While the design-principles of Domain Driven Design do not require you to use Commands in your Application Service, there are few merits to doing the same.

Temporal Decoupling and Autonomy

Commands can lend themselves to be issued asynchronously depending upon your Service Level Agreement and hence introduce temporal decoupling in your system, if that is what you need. If you must have your command processed reliably, these commands can further lend themselves to be serialized and stored in some kind of non-volatile storage (like a message queue) until they are processed successfully. This autonomy becomes of critical importance if you are dealing with distributed systems.

Validation

Validations are those context-independent rules that do not depend on the state of the domain objects. Business rules, on the other hand, are context-dependent (not very different from Martin Fowler’s idea of Contextual Validation). They check whether or not the command execution will result is valid state transition. Carrying out some of these context-independent validation rules on the command it-self will take the load off the domain layer by pre-filtering commands which will anyways be rejected by the domain objects.
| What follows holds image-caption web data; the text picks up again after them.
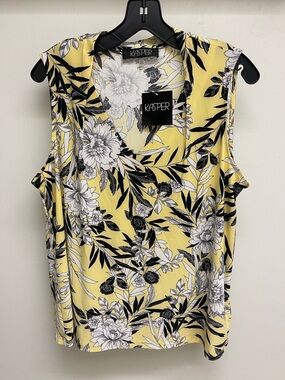 Kasper Women's Printed V-Neck Sleeveless Top size L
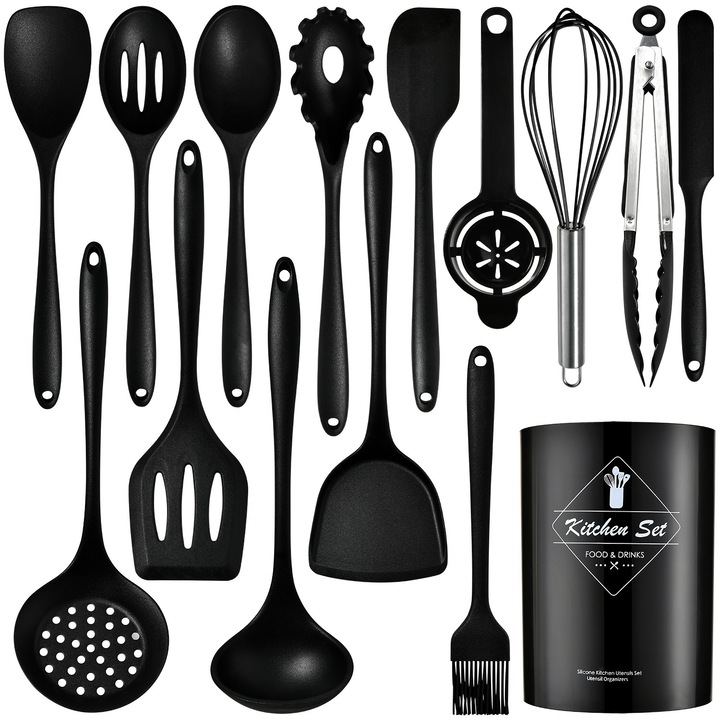 Set 15 Ustensile Bucatarie Onuvio® din Silicon Alimentar Premium, 920g, cu Suport – Spatule, Linguri, Polonic, Cleste, Tel, Fara BPA, Antiaderente, Compatibile Masina de Spalat Vase - Negru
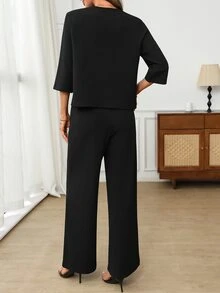 EMERY ROSE Women's Colorblock Round Neck 3/4 Sleeve Top And Long Pants Casual Everyday Set Autumn Clothes For Women Winter Set Elegant Women's Set - Black - View 2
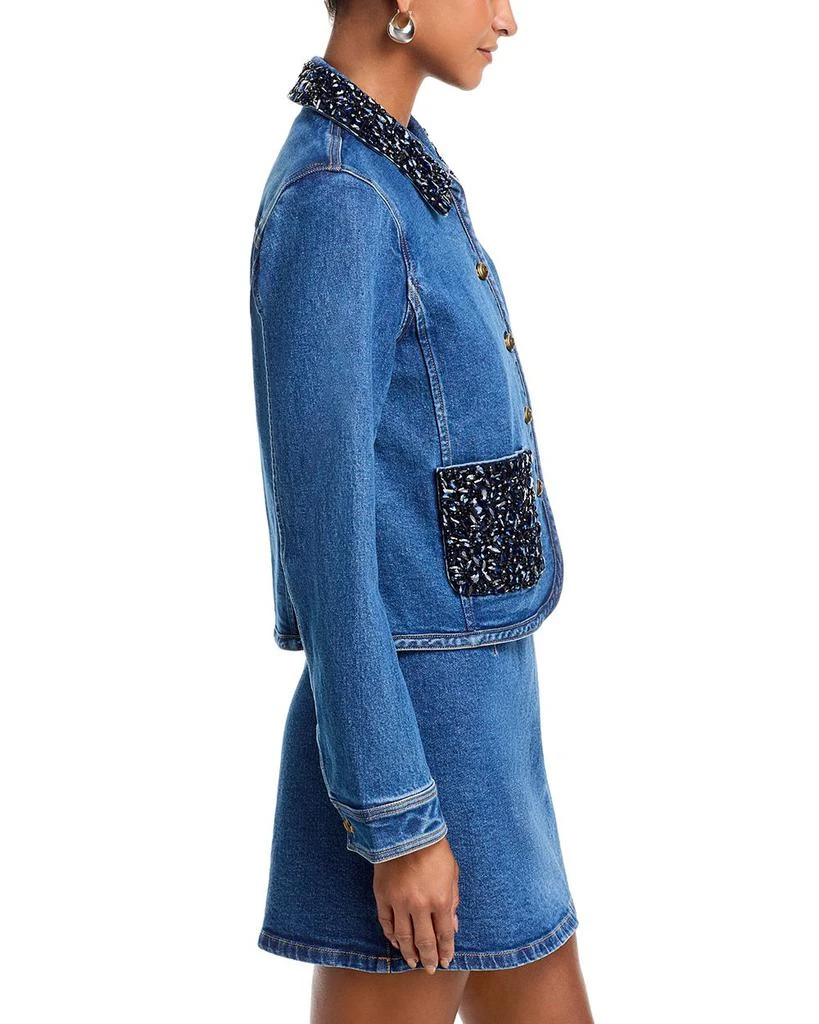Cinq à Sept Rhinestone Denim Amara Jacket 4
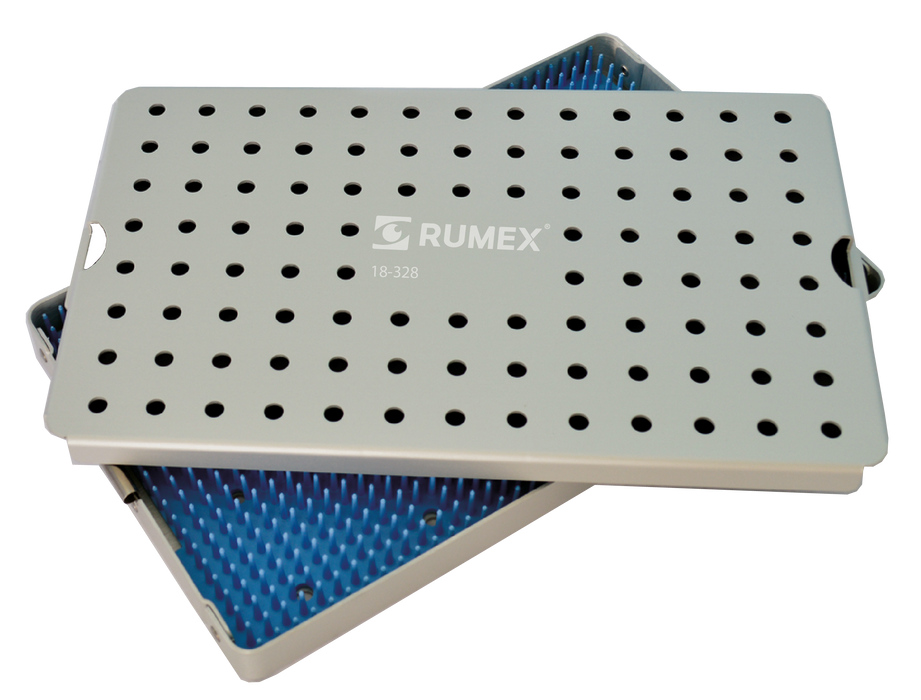 999R 18-328 Aluminum Sterilization Tray with Silicone Mat, 260×160×80 mm, 10.25×6.25×3.25″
Many people like repeating these validation rules on both places. This will bring value only of you ever need to use your domain layer not in conjunction to your application layer. Is it likely to happen in your case?

Authorization

Implementing authorization on the command side of the application is essentially asking your-self whether or not the user is allowed to issue the command. Dealing with authorization on queries is a different discussion.

Auditing

You can store the commands to capture the user’s action which then can be used for auditing purposes.

Logging

You can log commands and hence the log the user action and intention. These logs can make root-cause analysis of production issues very easy because you now have the end-to-end data to replicate the issue in your development environment.

Re-play and Undo

Commands lend themselves to be stored which can be used to redo or undo a user action if the use-case requires you to do so.

In a nutshell, commands are programmatic representation of user’s actions and intentions. Thinking of these commands as the building blocks of the application layer can open up a floodgate of interesting possibilities in your DDD architecture and bring a lot of power and flexibility to your design.